On a humid Thursday afternoon in early August, a young woman, perhaps in her late twenties, is being served dessert. A mixture of thick sweetened milk made of puffed rice with a sprinkling of pistachio and batasha (crystallised sugar) sits pretty on a white slab. But when the waiter pours a misty rush of liquid nitrogen— bubbling at -200 degree Celsius in a sizzling jar —over this pristine whiteness, finishing liberally with thandai cream, she purses her lips. The woman’s partner is amused, daring her to take a bite. She forces a grin and proceeds, wavering, to take a spoonful; together, they devour the dish. Meet Phirni Oxide, one of the stars of Indian molecular cuisine. No culinary science-fiction, it is served up at the newly opened Indian bistro Farzi Café in Gurgaon’s DLF Cyber Hub for a mere Rs 450.

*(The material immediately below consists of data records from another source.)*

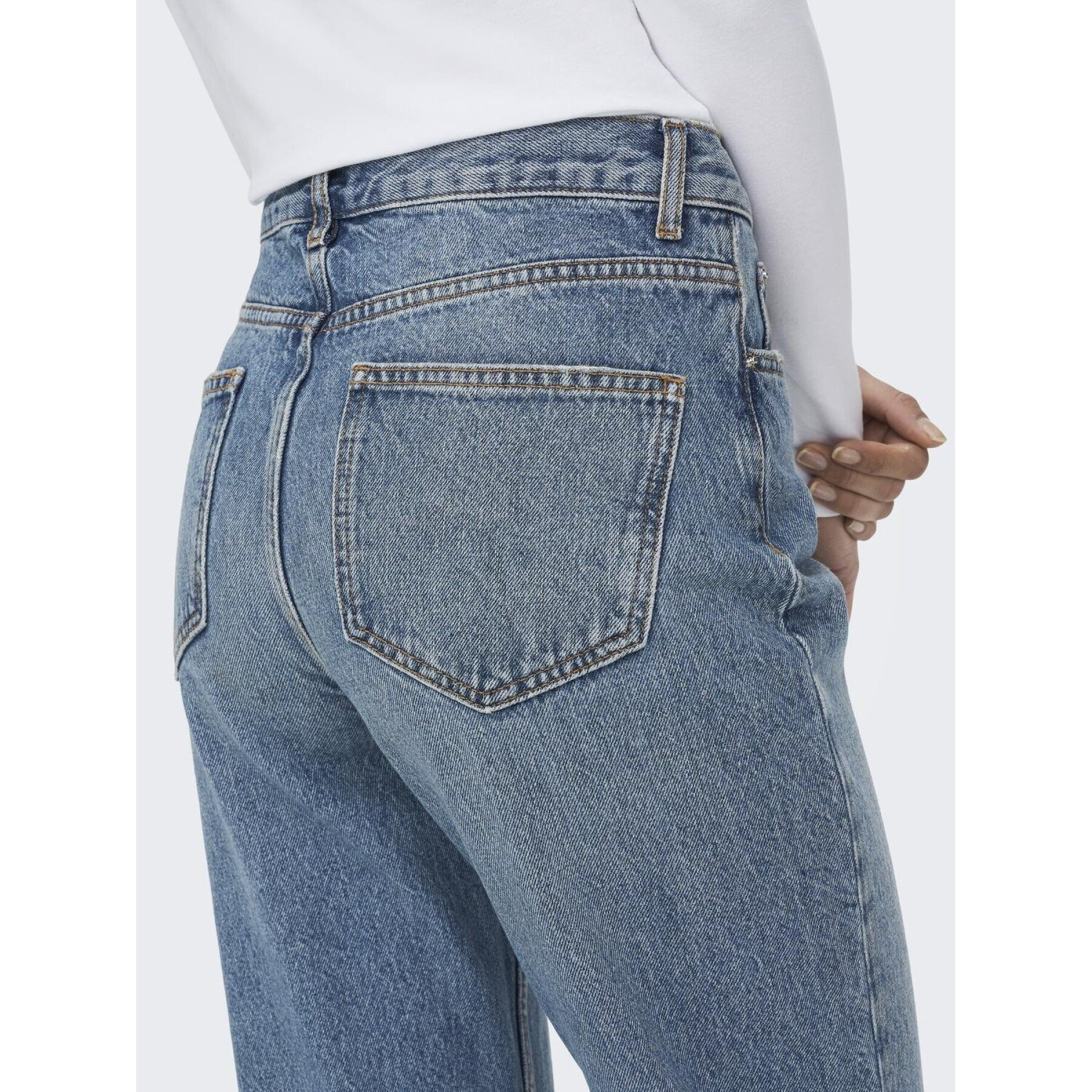 Jeans femme Only Riley Life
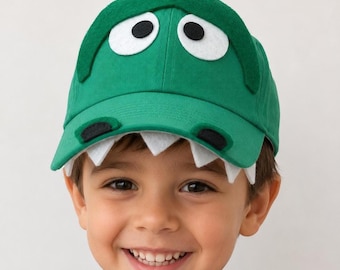 Rex from Toy Story, Toy Story hat, Rex Costume, Dinosaur hat, Dinosaur Costume, Rex Hat, Toy Story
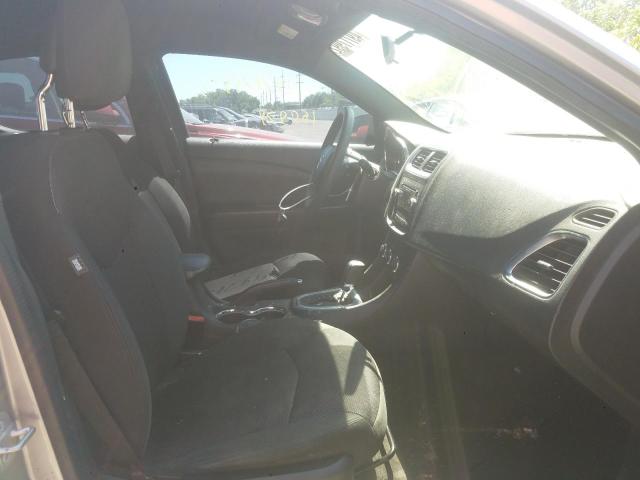 Photo 5 from auction – 2014 DODGE AVENGER SE with VIN 1C3CDZAB0EN235521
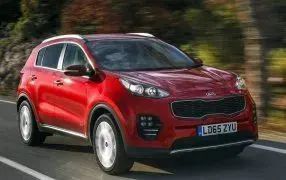 SPORTAGE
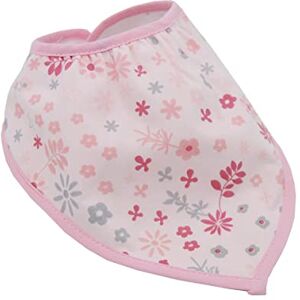 Babycalin Bavoir bandana Liberty en coton Naissance - Publicité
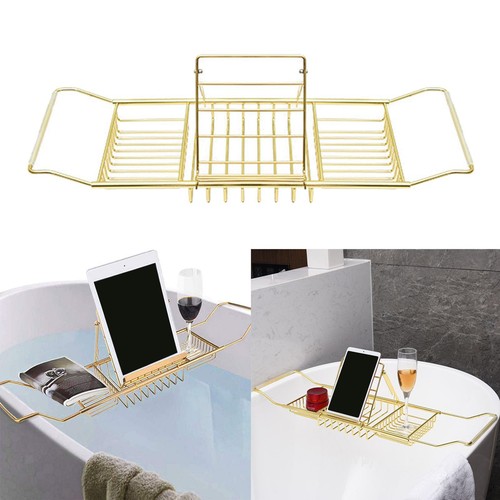 Stainless steel bath tub - stainless, rack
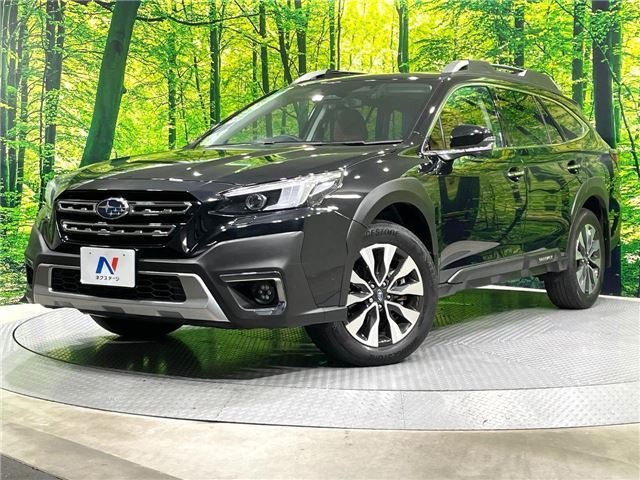 SUBARU Legacy Outback, 2025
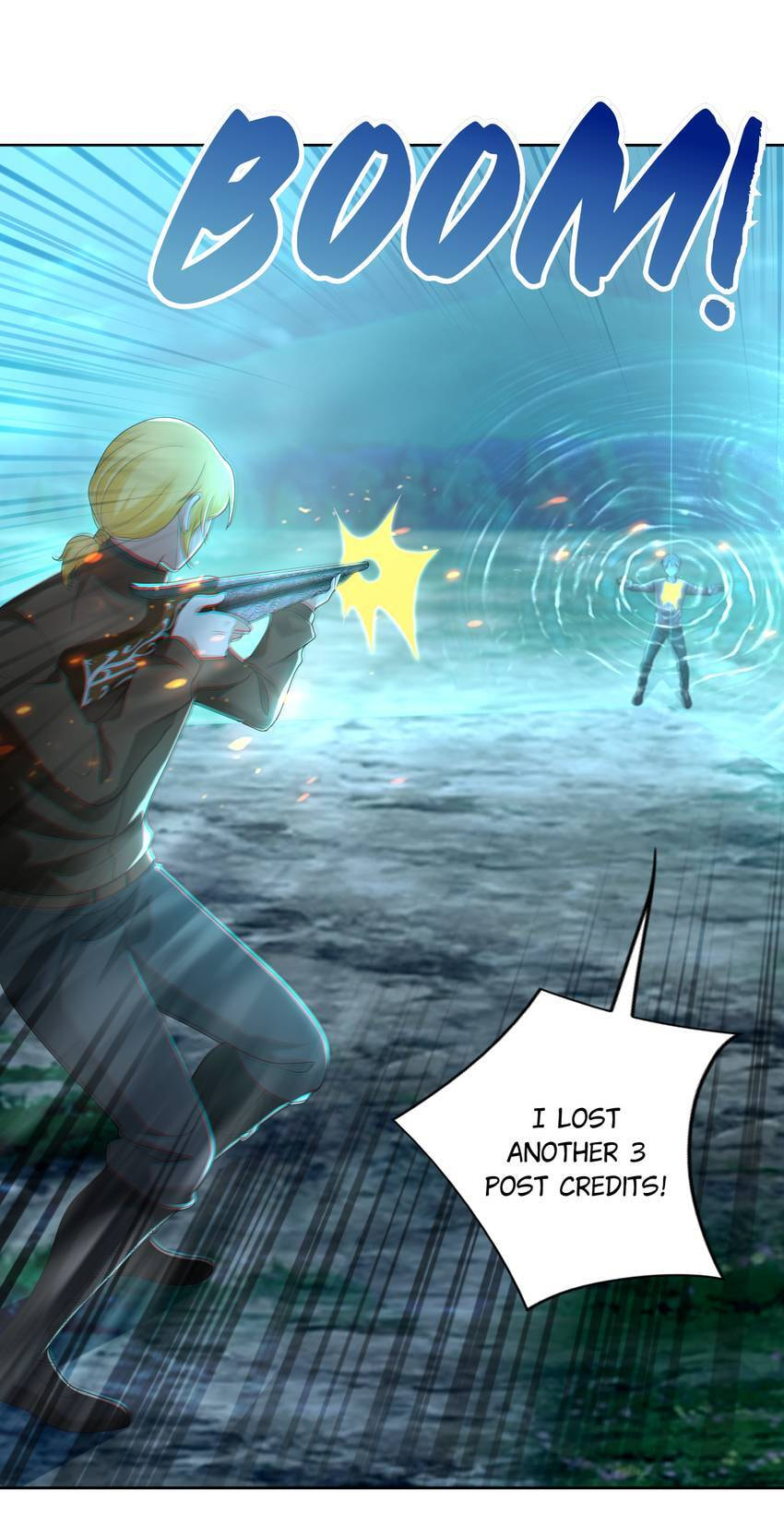 Infinity Mailman Chapter 245 page 12 - 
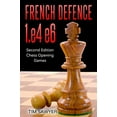 thumbnail image 1 of Pre-Owned French Defence 1.e4 e6: Second Edition - Chess Opening Games: 7 Paperback, 1 of 1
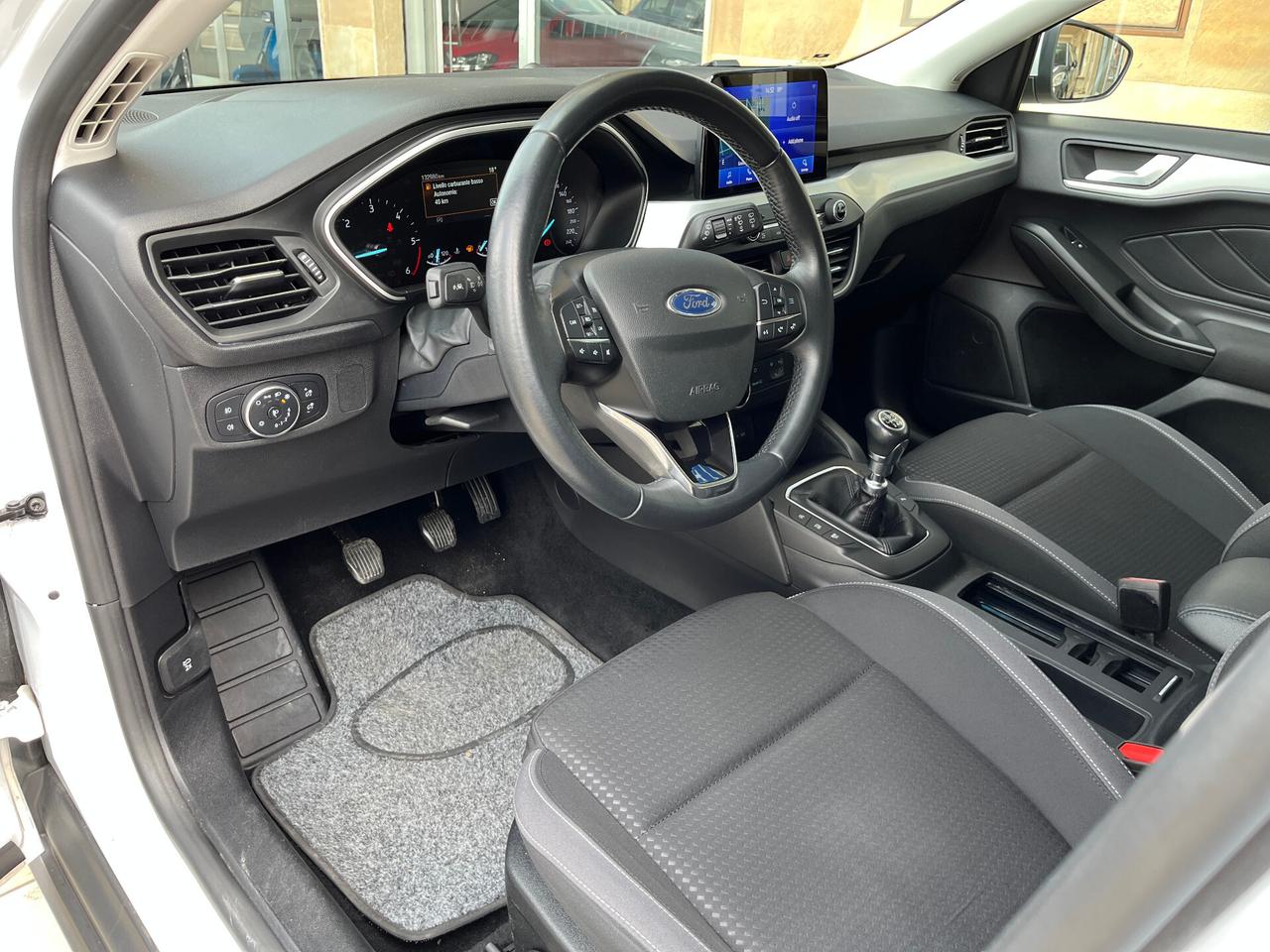 Ford Focus 1.5 EcoBlue tdci SW Business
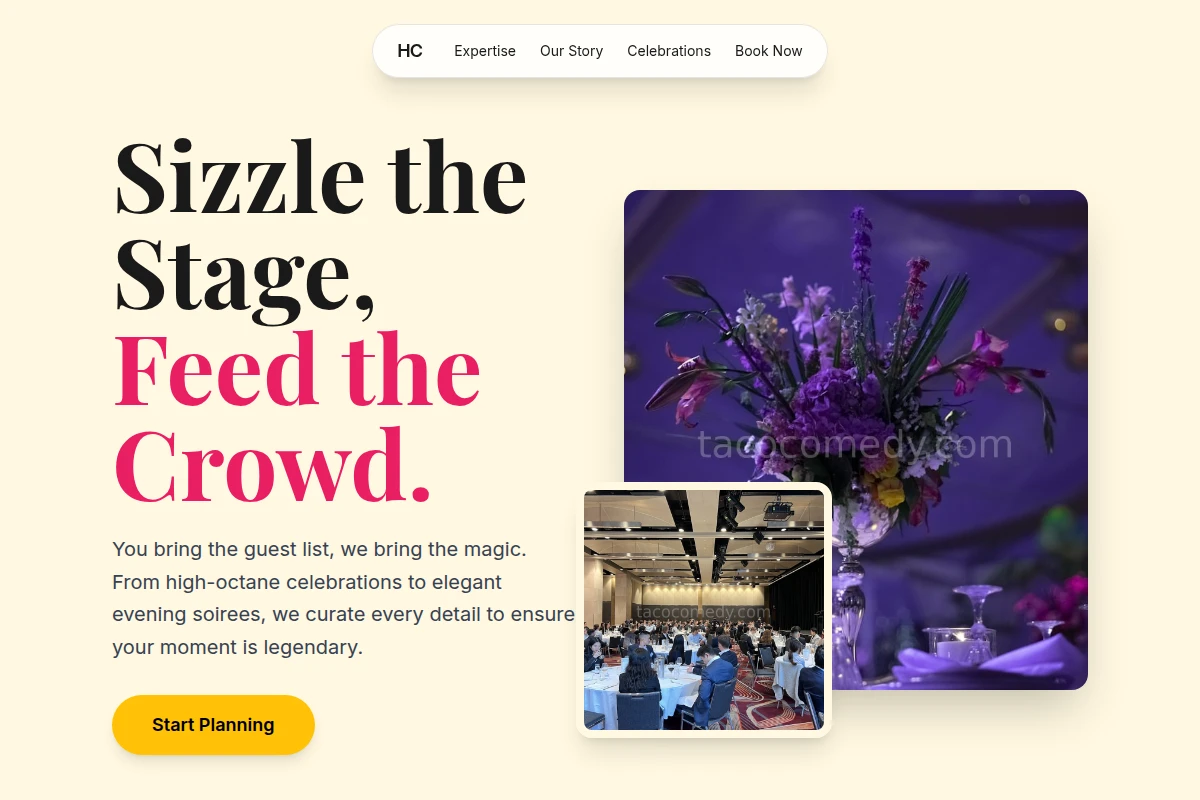 event-planning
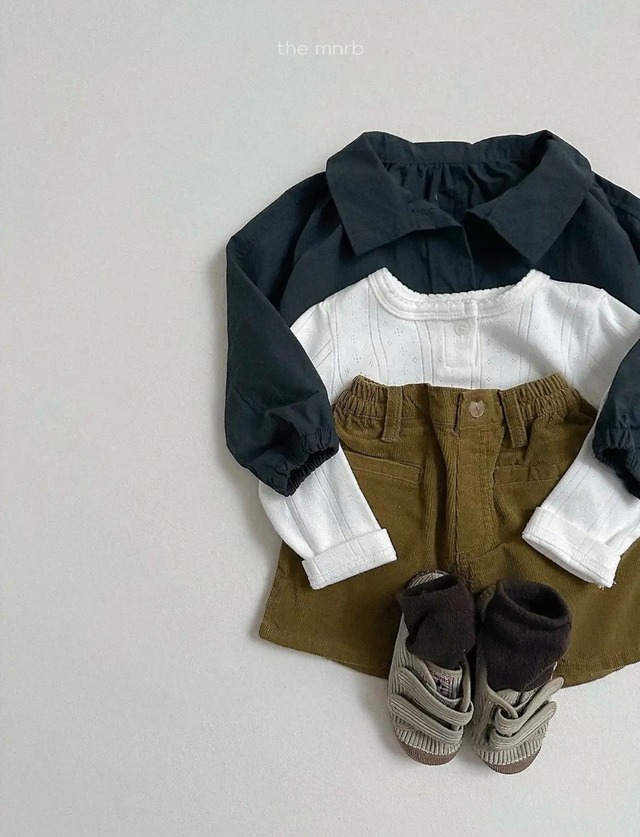 【即納】corduroy pants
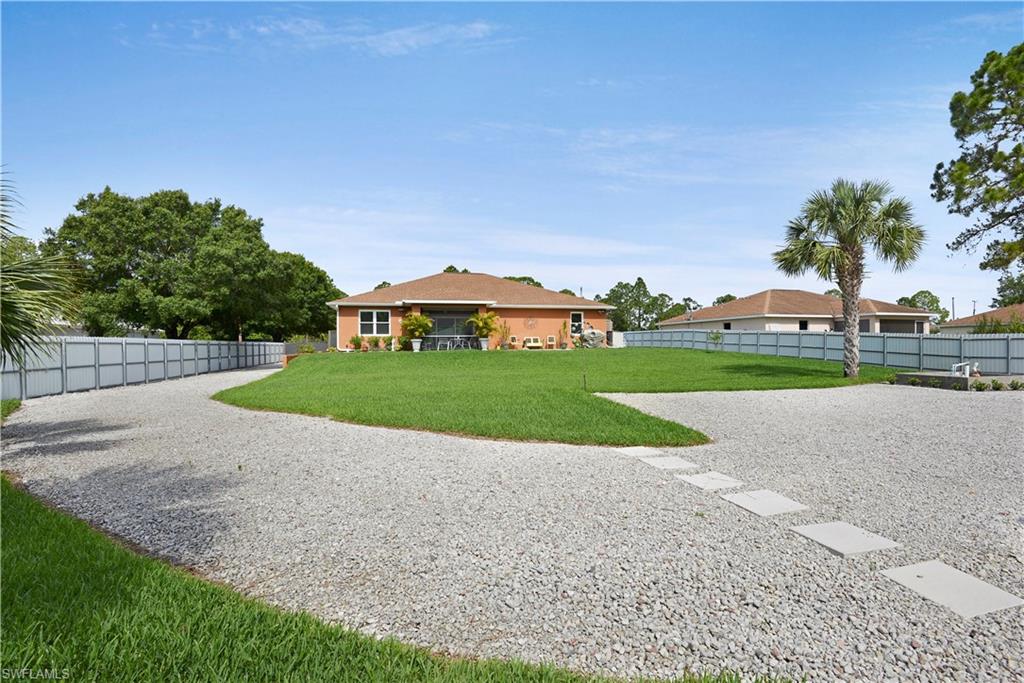 LEHIGH ACRES - Residential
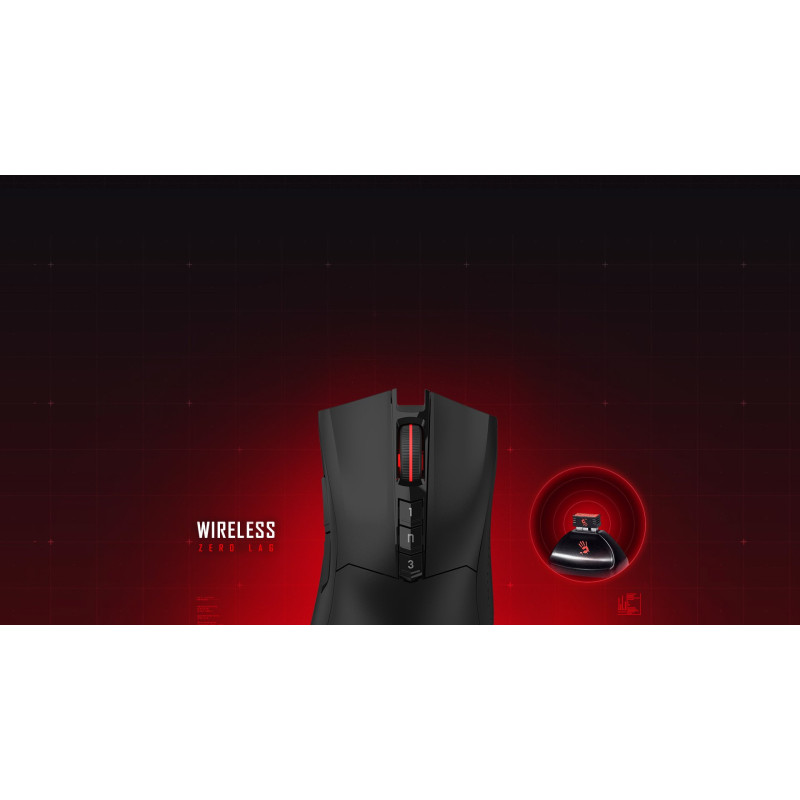 Миша A4Tech Bloody R90 Plus Naraka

Chefs in India have been reinventing our cuisine in contemporary ways to keep up with the well-travelled desi and their adventurous palate. Just when we thought that restaurants like Indian Accent exemplified the acme of modernisation of Indian cuisine, molecular cuisine appears to be a newcontender in jazzing up Indian dishes in a hyper-modern avatar. Molecular recipes sublimate current research in food science and lab technologies to create culinary masterpieces which defy all common expectations, to sum it up for the uninitiated—though by now, these are few and far between, among winer- diners.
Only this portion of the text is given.